Michaels focuses on the writers and their texts. This focus comes from two sources. The first is the emphasis that New Criticism or a formalist school puts on close reading, analysis of style, composition, techniques, devices, and so forth---all independent from author intention, meaning, and socio-political context. The second source is the ultra-close reading and its moves to deconstruct the text that Derrida and de Man do which is again independent of intent, context, and meaning. New Criticism was still dominant when I left school. It was Michaels generation who moved away from that kind of formalism to what I think of as just another kinds of formalism.

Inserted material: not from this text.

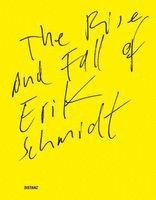 Erik Schmidt, Kathrin Becker - The Rise and Fall of Erik Schmidt, Häftad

The consequence of adopting Derrida and de Man is that a social history view is lost. The effect, I think erases a more concrete Marxist view of cultural productions. In the interview Michaels says he doesn't know how to write a social-historical analysis:

``...if you were doing a micro-history, it would be interesting to explain how you got from A to B, but that kind of history, which is the causal account, I have no idea how to write. I've always been more interested in figuring out how things at a certain moment fit together.''

My answer is that you get to understand how to link A to B, through reading a writer's work, a biography or two, and then surround him or her with their world and its historical developments and then figure it out. What I discovered was understanding an identity and getting to know a sensibility within its period and social-class strata was critical to understanding. I wanted to know why Arendt and Strauss were so politically different. I found my answer in Strauss's relationship to his minority religious background and standing, and how it fit with the political movements of his time in Weimar.